Social media’s made a lot of “normal” things weird. Death being a big one of them. This past Sunday, CBS Sunday Morning did a feature on what happens to your social media accounts when you die. Basically the answer is: it depends. If you have clearly spelled out wishes in your will and have told your family: whatever you wanted to happen to them will happen…BUT some states have laws that will give your family access to things even if you don’t want it. There are also companies out there now that will continue to post to your social media accounts after your death if you contract with them. Yeah, it’s weird and complicated.
But that’s not the only way death and social media are crazily confused.
Earlier this year, I lost a friend who died in childbirth along with her son. I was told via text message from a friend who told me not all the family knew yet, so please do not post to facebook, instagram, twitter what have you. However, not everyone who found out about her passing was advised. So her facebook wall blew up with condolences while some family sat in shock and other family members began publicly begging people to take down posts and even dispute them.
The people who posted their thoughts and prayers were not bad people and really didn’t do a bad thing. How were most of them supposed to know not all the family had been contacted? If it hadn’t been for the fact that she lived far from family so her husband reached out to local friends who were trying to shore up support for a man who’d lost his wife and son in a matter of hours, perhaps a tighter lid could have been put on it? But then again, maybe not. Her co-workers knew she had been rushed to the hospital and it’s hard not to be afraid and want to talk to each other.Even if she hadn’t taken part in social media, potentially it would have been the way some of her family had found out as there are still text messages, telephones, etc to spread the word.
Just this week, I was told that the father of a dear friend had passed. I went and looked at the man’s daughter’s facebook wall. Her messages were ambiguous. She said he had been moved from the hospital to hospice as per his wishes. She also mentioned that they were going to “say goodbye” to him. She thanked one of her brothers and his wife for their love and support “through all of this.” Finally in a comment on a post, I saw where she said he had slipped into a coma. But no updates for 8 hours after that comment. Messages to my friend and his sister’s page, not to mention his dad’s began to flood in with condolences and memories. Finally after almost nine hours of no updates, the sister posted her dad had in fact NOT died but was still in the coma. Death is imminent. This is a man in hospice in his 90s who is very, very sick and weak. I see nothing wrong with the people who offer prayers and share memories. Despite posts that he is fighting, his death more likely to come sooner rather than later. In my sadness, I dedicated my own posts to him but never mentioned death or RIP because I wasn’t positive one way or the other.

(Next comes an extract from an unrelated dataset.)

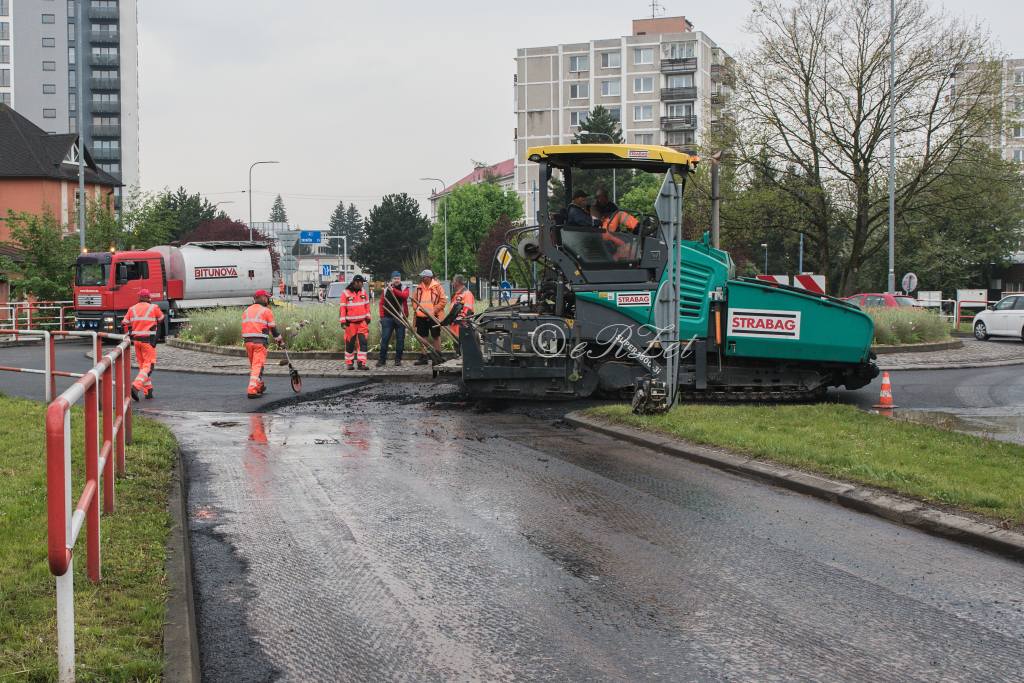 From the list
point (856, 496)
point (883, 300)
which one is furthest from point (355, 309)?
point (883, 300)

I don’t blame my friend’s sister for her somewhat vague posts. She’s going through about seven kinds of hell in her life right now and was supposed to be getting married this week (I’m assuming she put that off as it’s not been mentioned, understandably). I also don’t blame the people who misinterpreted her messages. They were going off limited information and made a call on it.

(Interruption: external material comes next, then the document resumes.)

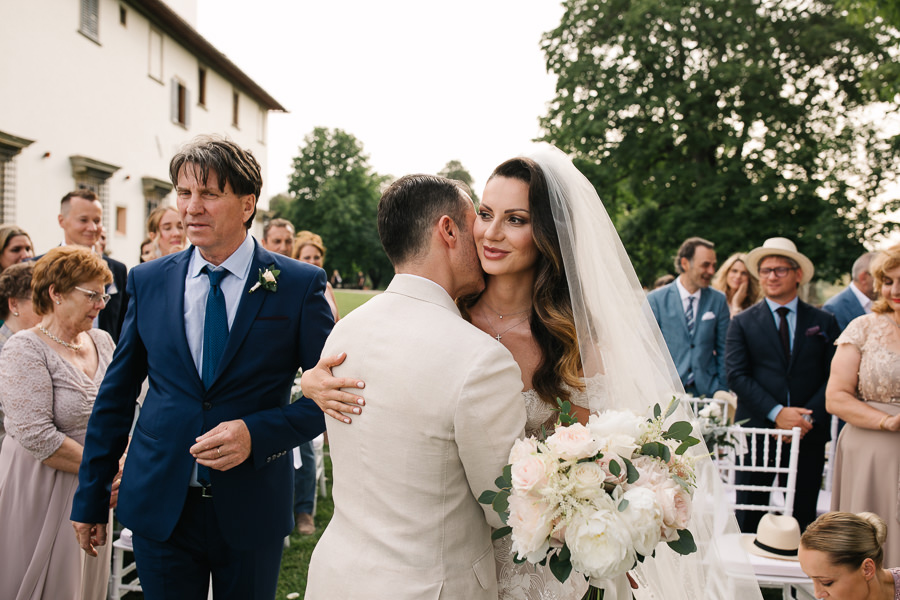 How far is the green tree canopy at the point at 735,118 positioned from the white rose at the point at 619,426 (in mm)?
17285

What has been interesting is the angry, ugly way others close to the family have reacted. The family members have been gracious toward those who “got it wrong.” But I’ve seen several comments on posts in friends are screaming in all caps to “stop publishing false information” and one guy went particularly ballistic and suggested a poor woman be sued for libel by the family. Wow. I agree it might look tacky and might upset the family, but given the information made public, no one is out of line for offering condolences or prayers. And the family have issued updates and corrections, so I’m not exactly sure why these friends feel the need to confront well-meaning people.
Death is a fickle topic in our society. Some people accept it. Others don’t. And many, many are scared about it or angry. I think where social media is concerned, death is even more sticky. I waited until I had as much clarification as I could get before saying anything to anyone. Could what I said be interpreted as saying he died even though it doesn’t explicitly say that? Sure it could. His daughter never said that and over 1000 comments and posts later people think he did. Does that mean I’m a bad person or she is? No, it doesn’t. It just means social media is one of those things where no matter how hard you try to contain something, some things will not be contained. It means no matter how clearly you feel you’ve expressed yourself or the situation, people don’t have tone of voice, inflection or body language to judge off of and can misinterpret things. Do we all probably have to get over ourselves a wee bit and not get so upset all the time. Um, yeah, that too.

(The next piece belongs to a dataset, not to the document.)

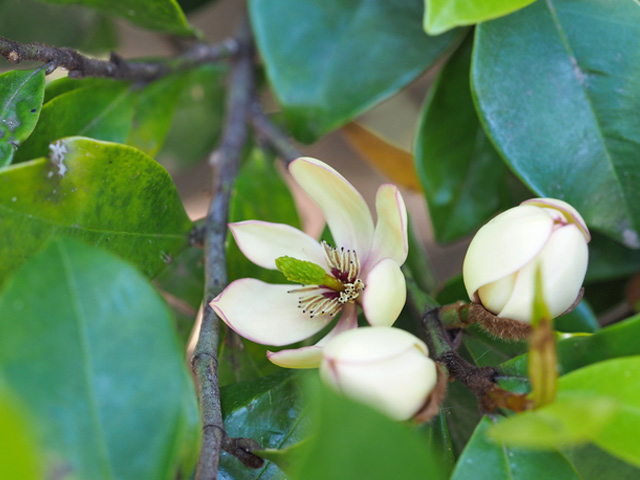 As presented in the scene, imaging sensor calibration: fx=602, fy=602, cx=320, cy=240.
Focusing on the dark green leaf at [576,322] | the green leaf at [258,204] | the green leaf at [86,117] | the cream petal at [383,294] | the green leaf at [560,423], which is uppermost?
the green leaf at [86,117]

As social media continues to grow and flourish, there will continue to be issues surrounding things like death, that although they happen in very real life, have to be dealt with in some ways virtually as well. My advice, ha, as if I have anything worth sharing that might be considered good advice, pray on it. Pray before you offer condolences. Pray before you post major life changes. Pray, pray, pray…because the real hereafter, well, prayer will lead you there.